From Module 1, we know that the integral over an electric field under constant conditions is the voltage \(U\). This results in the following simplified representation.

\begin {equation*} [E_\mathrm {el}] = \text {1 Joule = 1 J = 1 Ws} \end {equation*} \begin {equation} E_\mathrm {el} = Q \cdot U \end {equation}

4 Electrical energy storage

Electrical energy storage devices are characterised by the fact that they store energy in electrical or magnetic fields. The basic storage devices of this type are capacitors and coils. The advantages of these energy storage devices are fast energy release and high efficiency. In practice, however, they have limited storage capacity and are expensive. Capacitors can undergo many charging cycles, but have a low energy density. In order to store energy in a coil, current must flow through it continuously, which is technically challenging and only possible in special cases..
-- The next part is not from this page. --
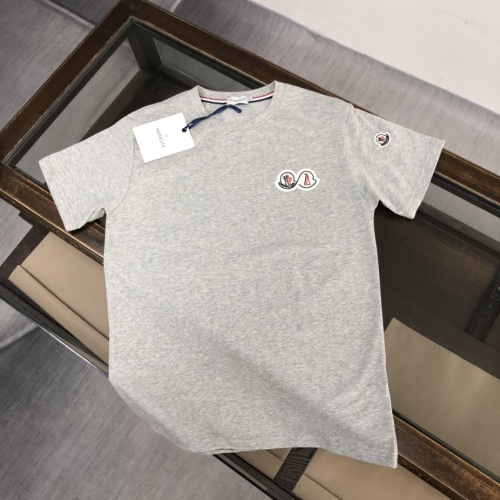 Moncler T-Shirts Short Sleeved For Unisex #1067928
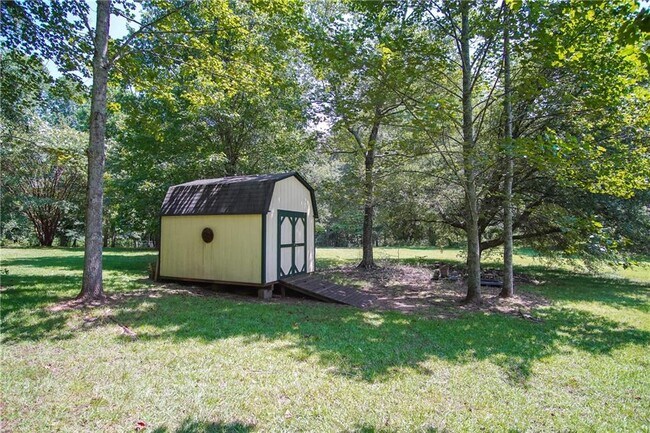 Building Photo - 2173 Holly Ct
Figure 2 shows the two basic types of electric energy storage. On the left, energy is stored in an electric field. This is achieved by placing charges with different signs on the capacitor plates. On the right-hand side, a coil is shown which, according to Lenz’s law, generates a magnetic field due to a current flow. The topics of coils and capacitors are covered in more detail in Module 3. Since a current flow is required to maintain the magnetic field, a coil does not constitute a storage device in which electrical energy can be stored outside a circuit through which current flows. A capacitor, on the other hand, can store electrical energy for a long time even without a connected circuit. This means that a capacitor can continue to release energy long after an electrical circuit has been switched off. For example, the rear light of a bicycle can continue to be supplied with electrical energy even when the dynamo is stationary at a red traffic light. This effect is undesirable in circuits with higher voltages, for example, as the electrical energy present in the capacitors can pose a hazard to people even after the systems have been switched off if there are no appropriate protective circuits.

Batteries are therefore often used for medium-term storage of larger amounts of energy (see Figure 3). Batteries store energy chemically, can store larger amounts over longer periods of time and are versatile, making them ideal for powering mobile applications.

Although batteries are versatile, they also have some disadvantages: they are often expensive to purchase and maintain, have a limited lifespan, and their manufacture and disposal can cause significant environmental pollution due to the raw materials used.